What you produce should be the lines from the line containing "Gato encontrado" through the last line below, both ends included, reproduced exactly and without pictures.
(DATA SUPPLIED)
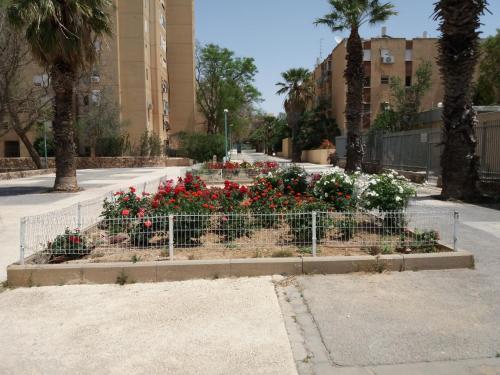 Apartamento Shimon Street Flat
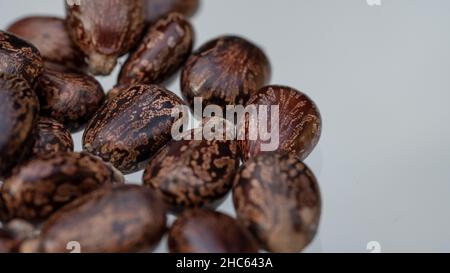 Graines d'huile de ricin (Ricinus communis) isolées sur fond blanc Banque D'Images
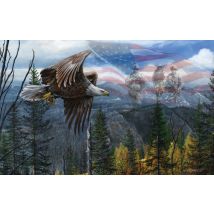 Kevin Daniel - May Freedom Fly Forever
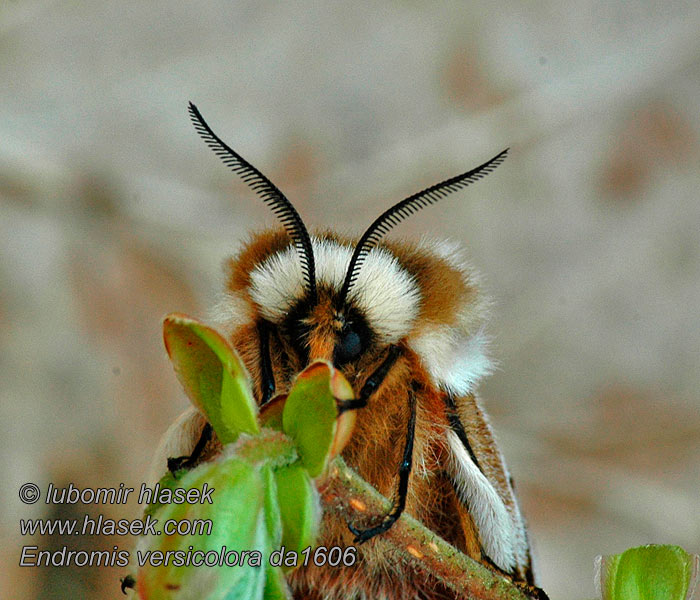 Endromis versicolora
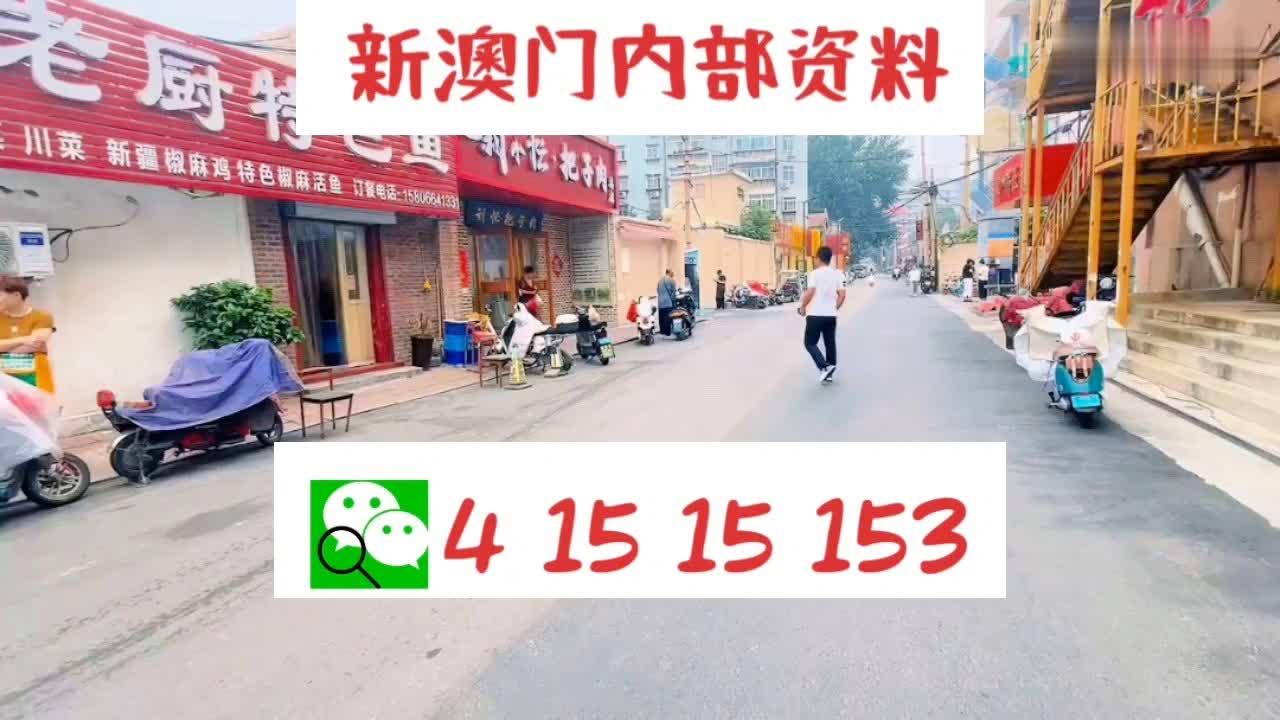 新門內(nèi)部資料大全免費(fèi)查看，探索與啟示，新門內(nèi)部資料大全，免費(fèi)探索與啟示之旅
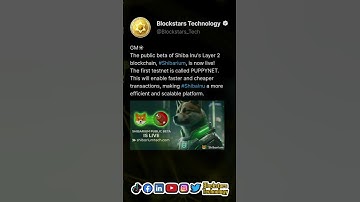 The public beta of Shiba Inu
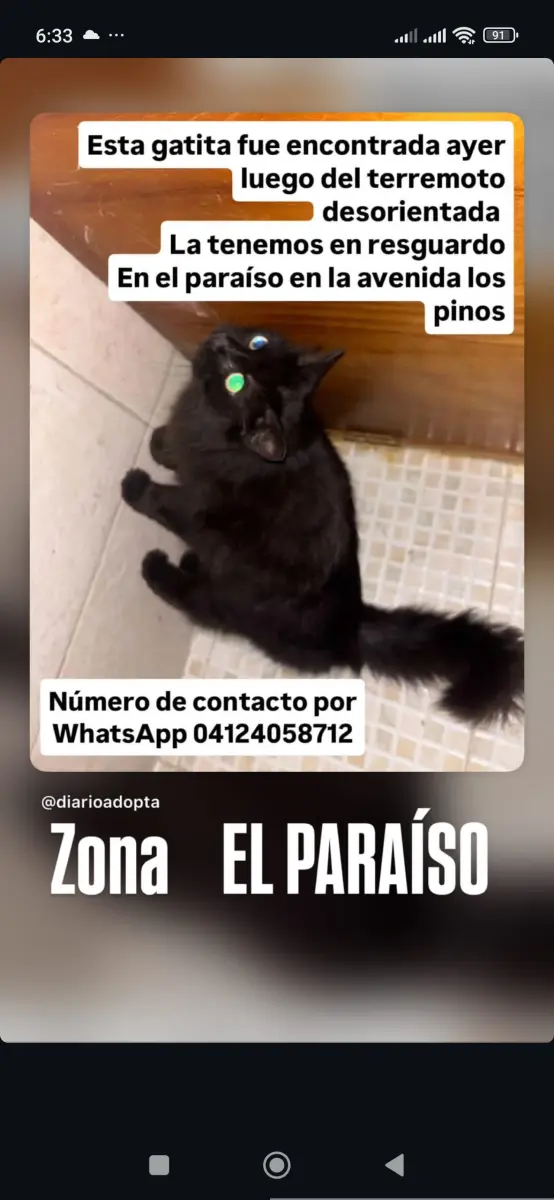 Gato encontrado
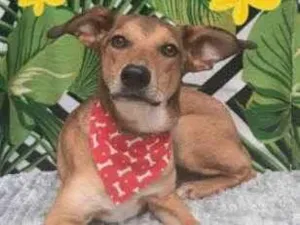 Cachorro raça  idade 7 a 11 meses nome Glauberto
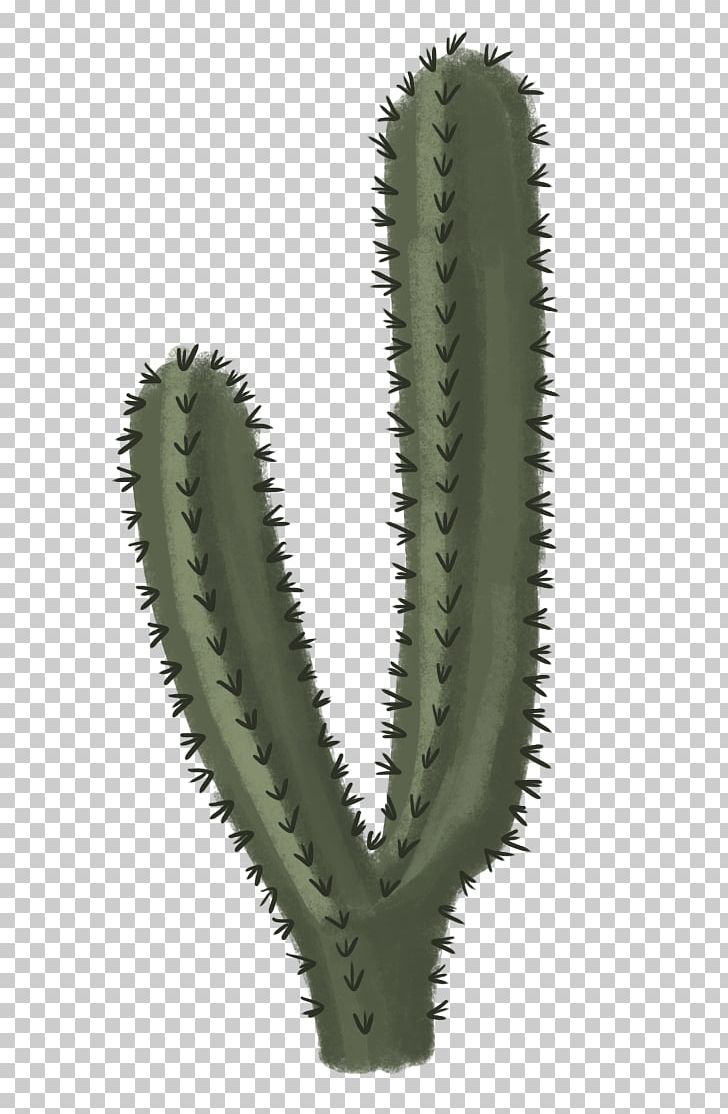 Cactaceae PNG, Clipart, Cactaceae, Cactus, Caryophyllales, Computer Icons, Download Free PNG Download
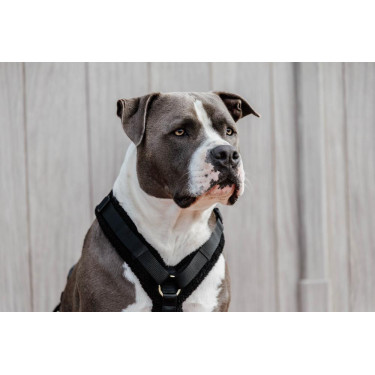 Arnés para perro Active Teddy Fleece Kentucky Arnés para perro Active Teddy Fleece Kentucky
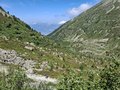 20250618_115046.jpg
(End DATA SUPPLIED)
## RESPONSE AREA
 Gato encontrado
 Cachorro raça  idade 7 a 11 meses nome Glauberto
 Cactaceae PNG, Clipart, Cactaceae, Cactus, Caryophyllales, Computer Icons, Download Free PNG Download
 Arnés para perro Active Teddy Fleece Kentucky Arnés para perro Active Teddy Fleece Kentucky
 20250618_115046.jpg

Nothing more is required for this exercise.